By Romona Baxter- Black History Month (Guyana) offers an opportunity to honour the quiet custodians of culture whose contributions live not in monuments but in memory, faith and community healing. Among these enduring figures are Agatha “Mama” Fiffee and her daughter Gloria ‘Fiffee’ Vasconcellos — traditional herbal practitioners whose work in Buxton, East Coast Demerara, has become part of Guyana’s living heritage. Their story reflects the intersection of ancestral knowledge, spirituality and service, revealing how generations of wisdom can shape community health and resilience.
Enduring figures in Guyana’s living heritage — where tradition meets faith, and memory meets healing.
A legend whispered across villages.
A healer whose name travelled by word of mouth.
A matriarch of bush medicine whose legacy crossed generations.
Growing up, I have always heard about this legend. This woman who has the cure-all. Though I have never seen her, she lived five villages from where I lived. I know family, friends and acquaintances who visited her and professed her cure-all or better health. So, who is this woman? She’s the original matriarch of herbal medicine in her village. Born in the 1800s she learned her healing from generations before her.
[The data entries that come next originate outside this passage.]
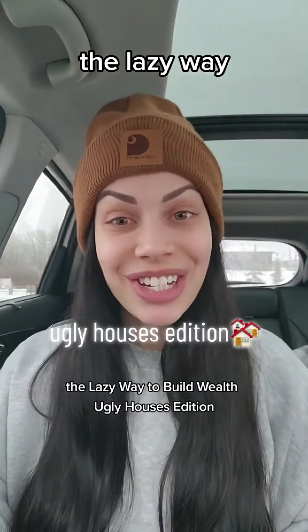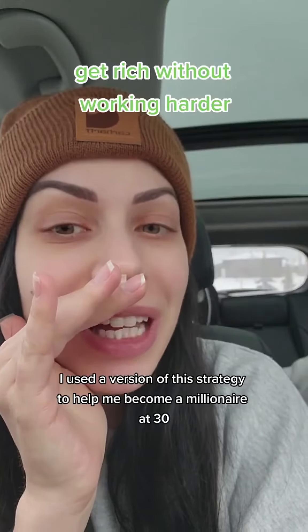The lazy way to build wealth, ugly houses edition. I used a version of this strategy to help me become a millionaire at 30.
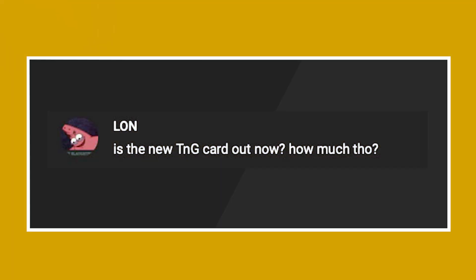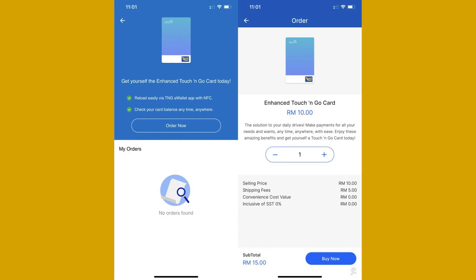Question 3, from Lon: "Is the new Touch & Go card out now? How much?" Yes, the new Touch & Go card with NFC support is now finally official. That means no more hunting for a petrol station or 7-Eleven to top up your Touch & Go card in a rush. You can now order the card online via the Touch & Go eWallet app. The new card costs RM10 and there's a RM5 shipping fee. They are also available at selected petrol stations but stocks are very limited right now.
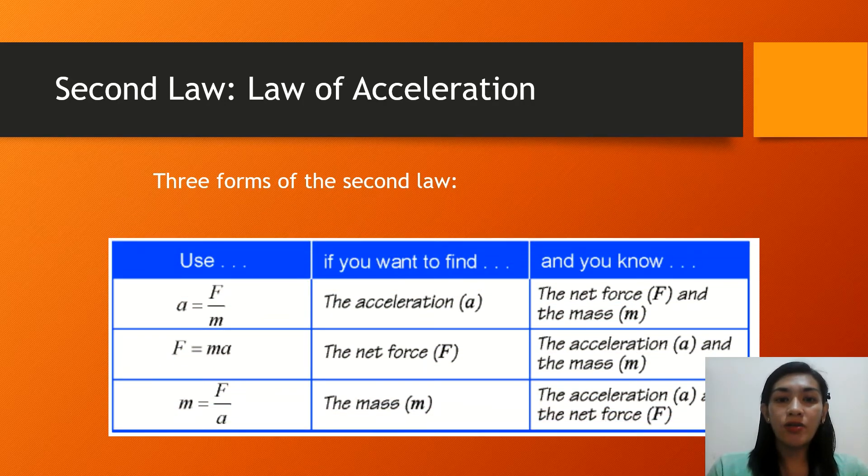These are also other forms of the second law. Use the first formula — a = F/m — if you want to find the acceleration and you know the net force and the mass. The second formula, F equals mass times acceleration, is used if you want to find the net force and you already know the acceleration and the mass. The third form can be used if you are looking for the mass and the acceleration and net force are already provided. Basically, you don't need to memorize all these formulas — once you know one, you can derive the others from the original.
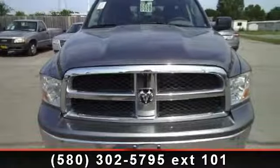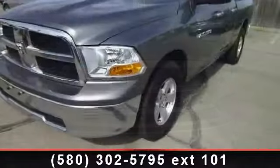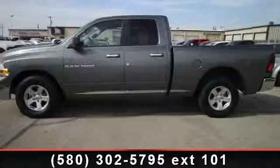Check out this 2012 Ram 1500 SLT. This may be the set of wheels you've been looking for. This vehicle comes with a reliable 8-cylinder engine, connected to a smooth shifting automatic transmission.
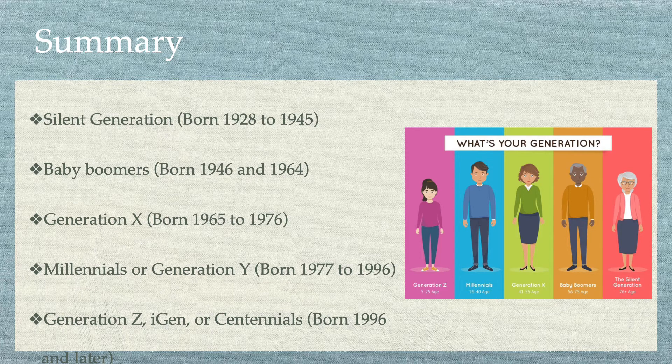First off, let's go over some statistics about these different generations. We have the Silent Generation, which includes people born between 1928 and 1945. In the past few years, this generation has had the highest growth in terms of their use of social media and owning smartphones and tablet computers, which is so surprising. That being said, as a whole, this Silent Generation is unfamiliar with most areas of technology.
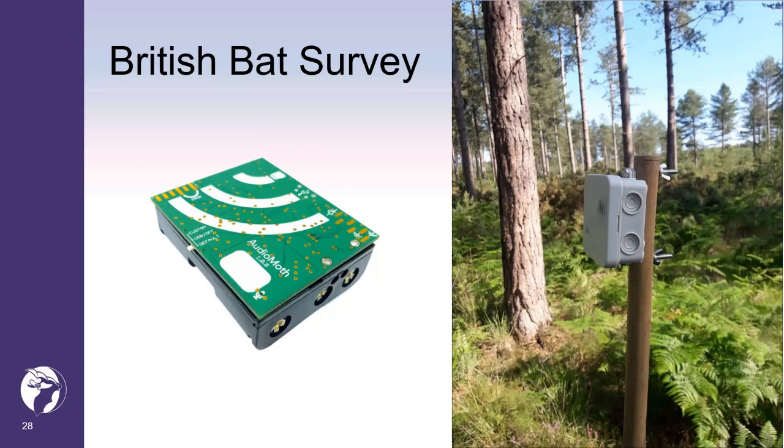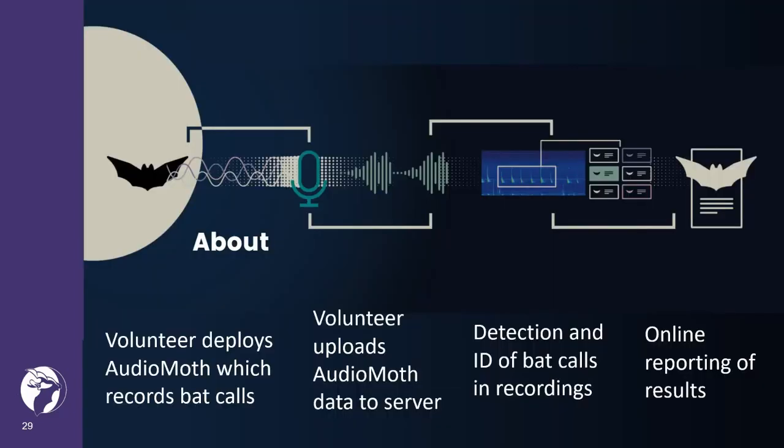This uses low-cost acoustic sensors called audio moths to carry out static monitoring of bats. This slide shows the pathway being developed and piloted for participation in this project. It utilises the latest developments in acoustic sensor design, automated call recognition and interactive volunteer feedback.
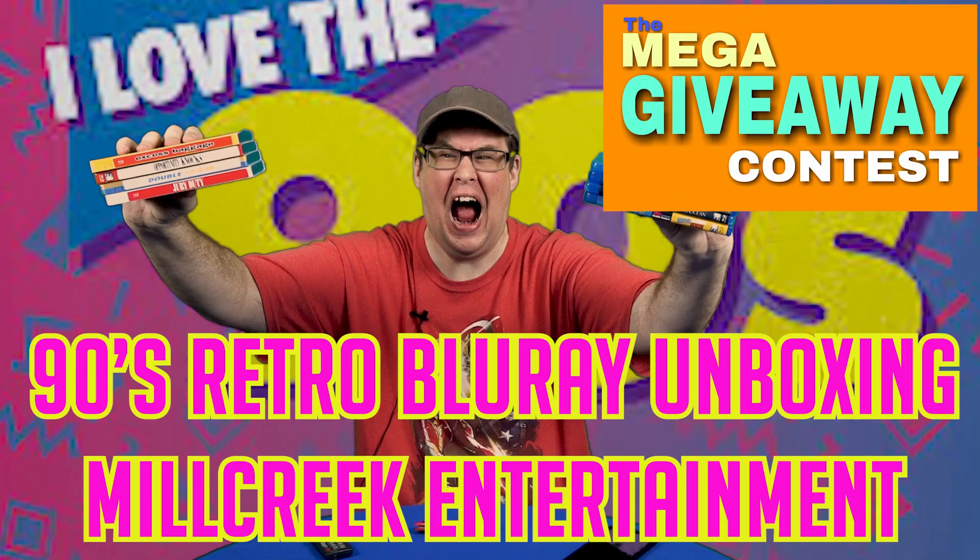A couple days ago we received a nice package from Mill Creek Entertainment. They released a bundle of about eight Blu-rays in their 'I Love 90s' retro Blu-ray set. I did an unboxing video of that with a special giveaway announcement, so if you haven't checked it out, hit the link up above or down below in the description.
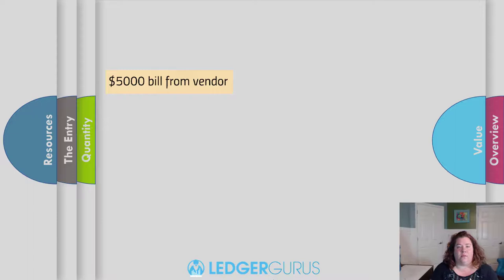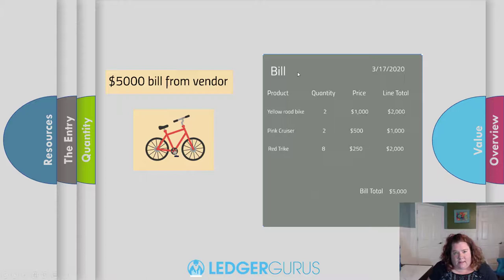Let's say I get a $5,000 bill from a vendor — maybe I was buying bikes. Normally if I wasn't doing this correctly, I'd just record the AP, pay the vendor, and that's the last I'd think of it. But in this case, I want to give this bill a lot more time and attention because this bill is a gold chest of information. It's really telling me: I bought two yellow bikes at this price, two pink cruisers at this price, eight red trikes at this price. This helps me see the value of each of my SKUs individually. I'm assuming you're buying your product as a finished product from a vendor — outsourcing manufacturing, reselling, or product arbitrage.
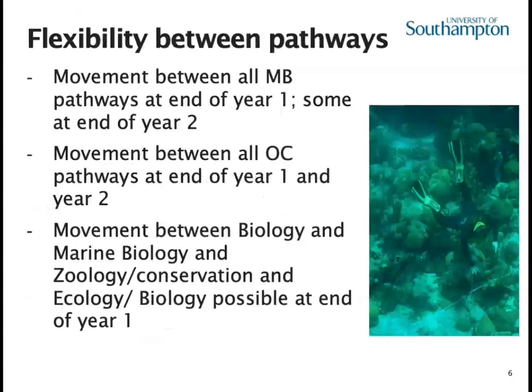We don't expect everybody to get their degree choice absolutely right first time, so we build in flexibility between our pathways. At the end of year one you can move between all of the marine biology pathways, and some at the end of year two, and the same goes for the oceanography degrees. What you can't do is move between marine biology and oceanography. Biology and marine biology is a bit special — you can move either towards the more terrestrial side or towards a more marine degree at the end of year one.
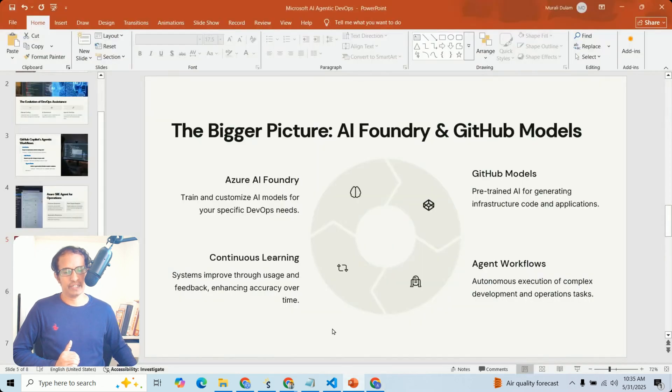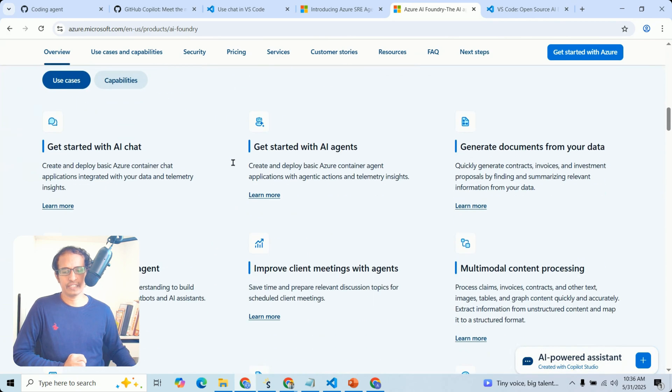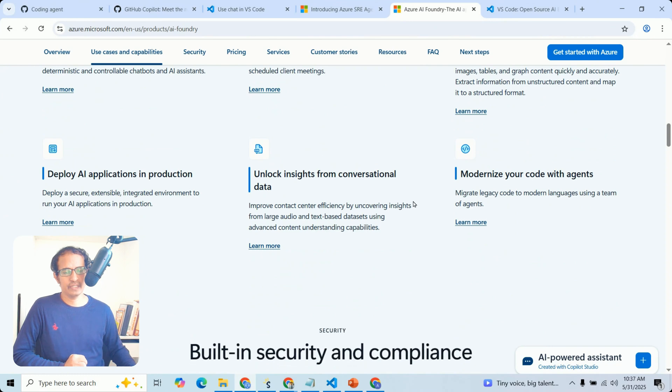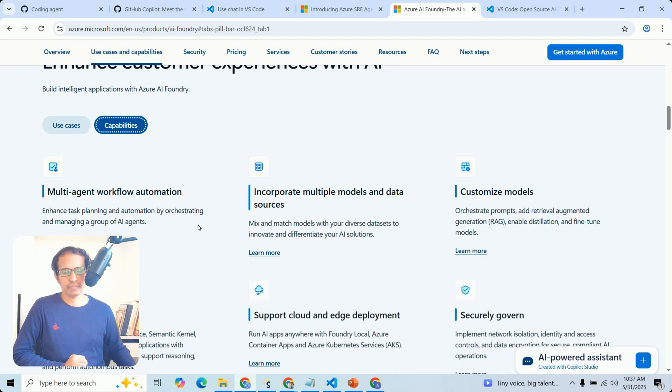Coming back to AI Foundry — you can fine-tune and customize your AI models for customized DevOps requirements. GitHub models are also applicable to your infrastructure and application scenarios. The official documentation shows AI Foundry as an app and agent factory, with use cases including AI chat, AI agents, customer data scenarios, and production deployment. Capabilities include multi-agent support and cloud and edge deployment.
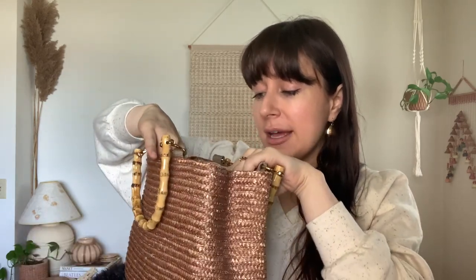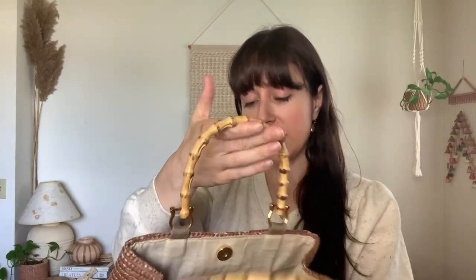I actually spotted this purse right before we were checking out and my mom grabbed it for me, which was really sweet. It's an authentic Saint John's Bay purse — I love that brand and always try to thrift Saint John's Bay clothing. I think this was $5.99 or $6.99 — I love the color, it's kind of a taupe-y mauve, perfect for spring and summer.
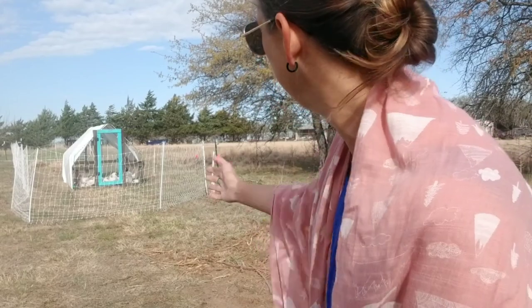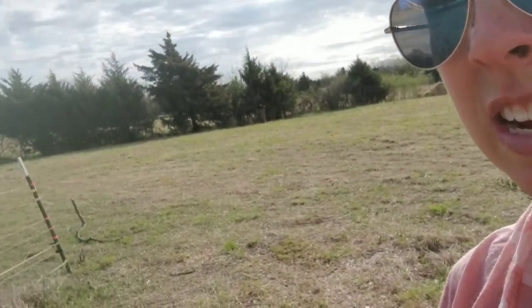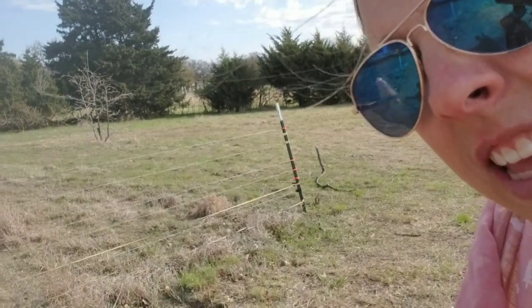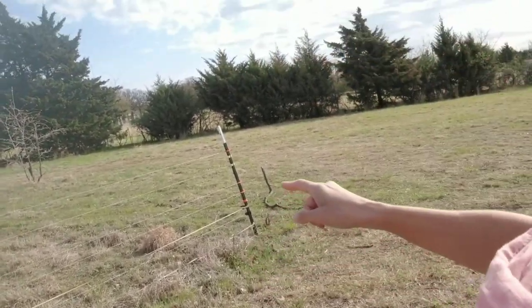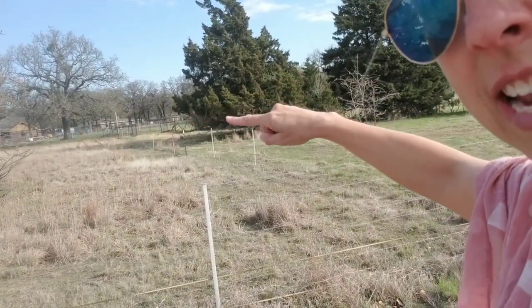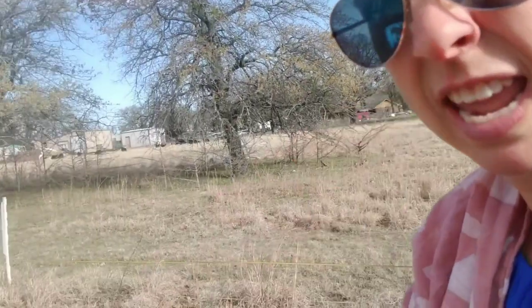I've moved this fence a few times already. Once they're past this section, they're just going to keep going straight across. Then the next batch of chicks — we've got this field area up here that's had goats on it and the cow has been on it a little bit — we're going to rotate the chickens through there too.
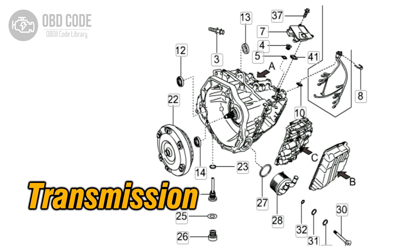The P0736 trouble code indicates that the transmission has detected an incorrect gear ratio while the vehicle is in reverse. This code is typically found in vehicles with automatic transmissions.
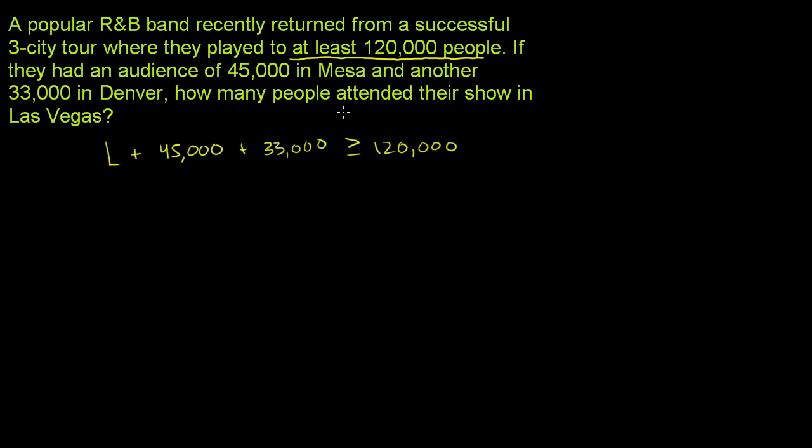To figure out how many people attended their show in Las Vegas, we just solve for L on this inequality. If we simplify the left-hand side, we get the number of people in Las Vegas plus — what's 45,000 plus 33,000? That is 78,000.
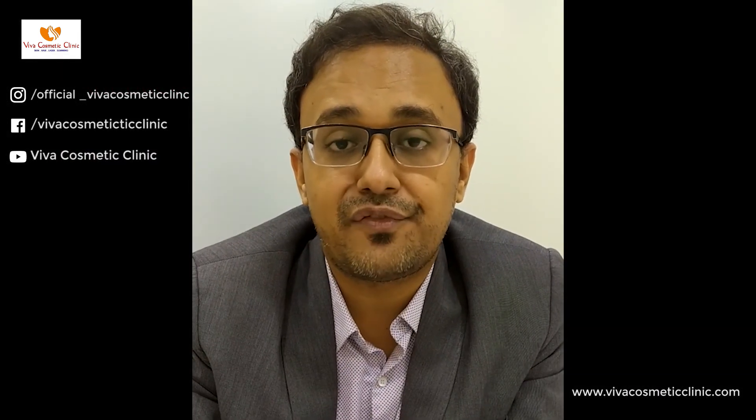So these are the ways you can manage your body hair growth. Thanks for watching.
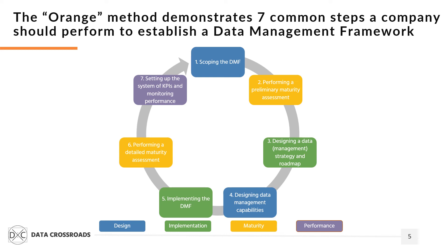Design of the data management capability includes the development of policies, standards, roles, processes, and so on. Step five focuses on identifying the implementation methods that fit a company's resources, culture, and the scope of the initiative.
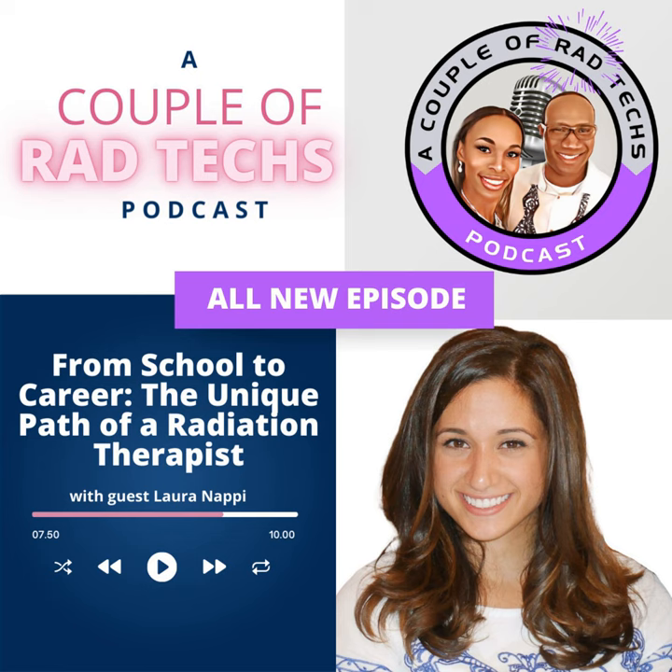Welcome, everyone. I am Shondria Singleton, and I have an amazing guest again here on Let's Chit Chat Health and Wellness. This is our radiology edition. I love bringing you guys this information about radiology. Today's guest is a radiation therapist — maybe you've never heard of radiation therapy, but you are going to learn about it today. It is a modality of radiology, so let's get into it. I'm going to welcome Laura Nappy.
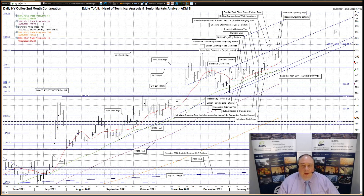Hello, my name is Eddie Tophpik. I'm Head of Technical Analysis and Senior Markets Analyst at ADM Investors International Limited, and here is your weekly technical analysis of New York and London coffee markets. I'll start with New York coffee.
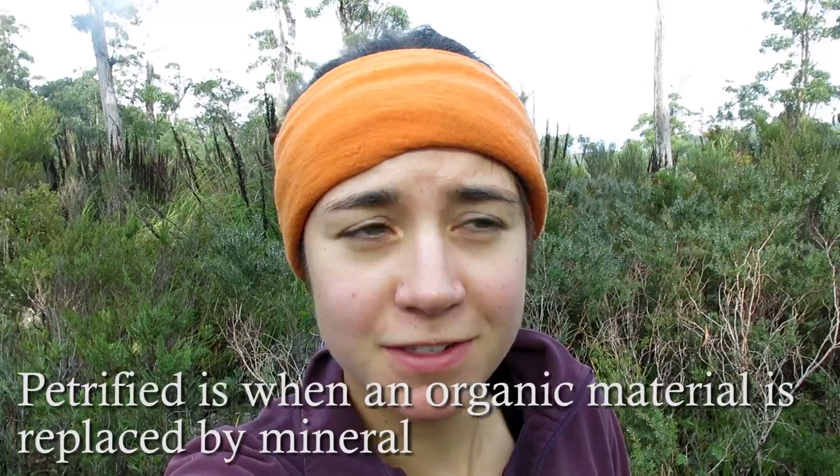Hey, so I'm in Loon River, which is in southeast Tasmania, and today we're fossicking for petrified or fossilized ferns and trees.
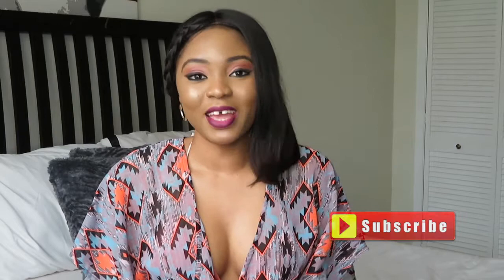Thank you guys for watching and I hope you enjoyed this video! If you did, please like, share, subscribe, and comment. Give this video a thumbs up if you liked it or found it helpful. If you want to see more videos like this, just let me know. I appreciate you guys for stopping by — I love you guys, come back for more videos. Peace!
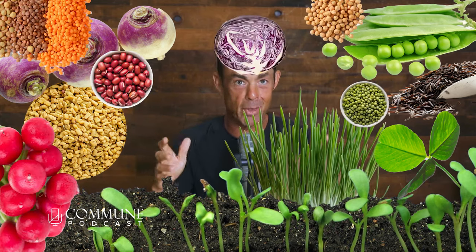Azuki bean, lentil, chickpea, mung bean, red cabbage. I've tried many of them.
She became one of Guyana’s most revered traditional herbal practitioners — a woman whose knowledge of the backlands of Buxton was regarded as both rare and remarkable. Gathered from deep within the bushes of the East Coast, she prepared remedies drawn from generations of accumulated wisdom, a family tradition said to stretch back more than two centuries.
Women came.
Families came.
The desperate and the hopeful came.
Many traveled far and wide seeking relief, restoration, and sometimes — when all else had failed — hope. Hope for pregnancy, erectile disfunction, cancer along with numerous other ailments. She was born and raised in Buxton on the East Coast of Demerara and her herbal treatments spanned the reaches local and international people with illnesses.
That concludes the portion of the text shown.